The Roller Questions And Answers

By Linda Hogan

The following Questions And Answers are related only to the Rollers, for the others please go to the main page "Questions And Answers".


Question:

Can I raise the rollers and the choppers in the same bird room?

Answer:

I have yet to have my strain bred rollers sing the chop chop of other birds. Actually, they pay no attention when other kinds of birds sing. On occasion, a roller is bred which opens its beak a very very little crack. No more open than the fine depth of a sheet of computer paper. Actually, without light behind him you can't even see it. When this happens the bird sounds nasal and its vowels are a hard a sound rather than the deep u or oo but not a chop. Even though the sounds are soft, they are in the low sound range and can be heard when other birds are singing as they are singing in a higher sound range. (Human hearing loss begins in the high range, not in the low sound range.)

I like to have lots of sound around the rollers so that I can control what other rollers they hear. Hearing a bad roller can result in bad sounds beginning copied and it only takes a few hours for that to happen.
I cage young males in cages with wire only on the front side. The solid cage sides encourages the bird to sing those beautiful low sounds. They are housed in genetically related groups of 3 or 4 roller males. I play classical music on the radio. With this method, faults can be contained to only those birds in the same cage.

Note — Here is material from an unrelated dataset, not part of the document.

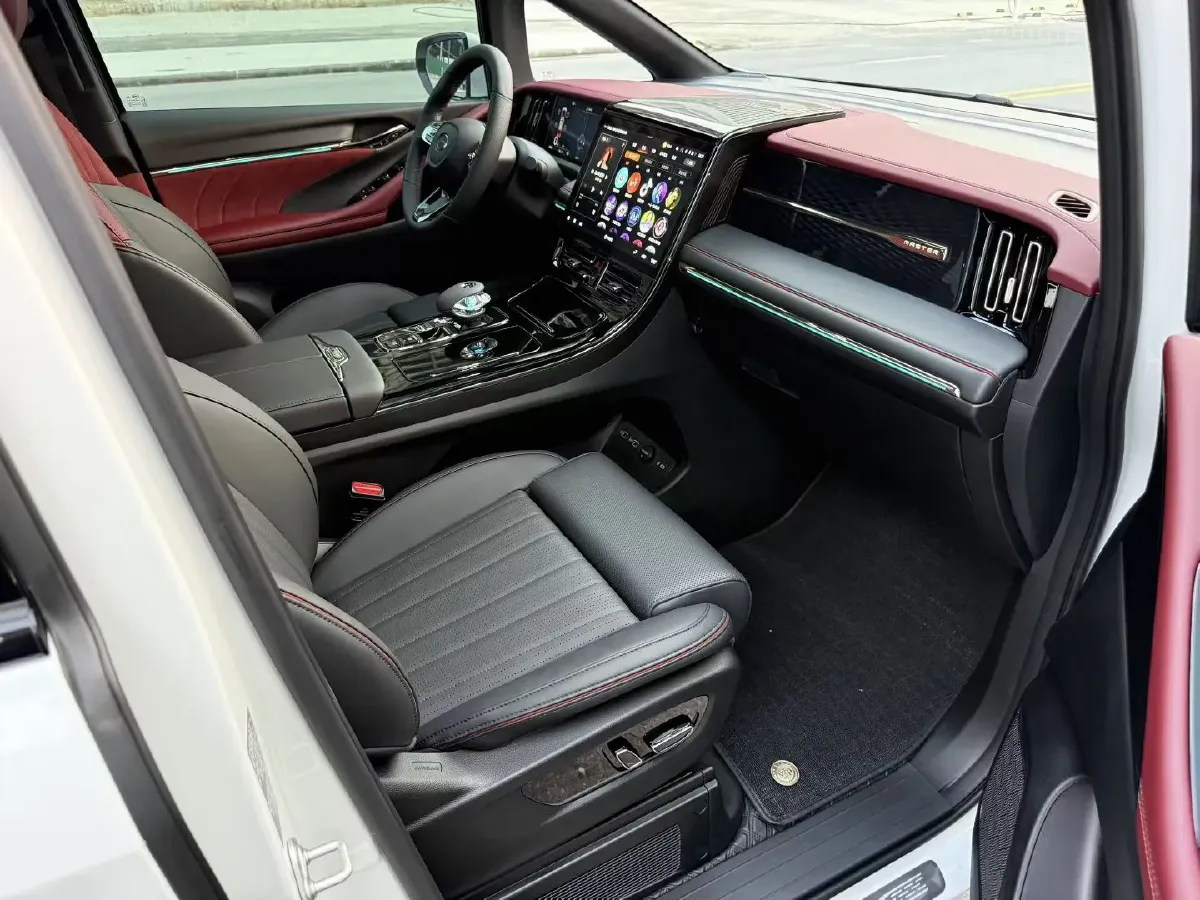 2025 GAC Trumpchi M8 2.0T 190HP L4 2DHT Hybrid,autocango,china used car exporter,china ev exporter,chinese used car exporter,chinese used ev exporter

Red factors and type birds are housed in cages next to roller cages.
When I first started showing rollers, the expert judges were sure they would hear the sounds of my type and color birds at least as extra stuff in my rollers song. I always remember, when as a novice, my birds went in to the competition and four additional judges went in to hear them. They came out shaking their heads. These birds song is clean (no extra notes). These were the same people who believed that if you wanted to raise competition quality rollers, you first had to sell off all of your other birds. I have proven that is not true. My rollers won all four of the quality tour specials (hollow roll, bass, hollow bell and flute) at the Lou Abbott Show in Dayton, Ohio at the last show in November 1996. And yes, they were raised in the company of type and color bred canaries!!


Question:

I am unsure how to breed my rollers? Can you offer some guidelines?

Answer:

Breeding quality rollers is a challenging task, but some general principles apply. To get reproducible results, it is best to breed within a strain of related birds. Be very selective. Only breed strong healthy birds who have outstanding basic tours. Within the strain, some birds will excel in hollow roll, others in bass. When choosing the breeding pair, choose a male who excels in hollow roll for a hen whose father excels in bass or vice versa. Birds scoring less than 16 in hollow roll or bass are not good breeding birds because they lack the genes to improve the song in either the direction of hollow roll or bass.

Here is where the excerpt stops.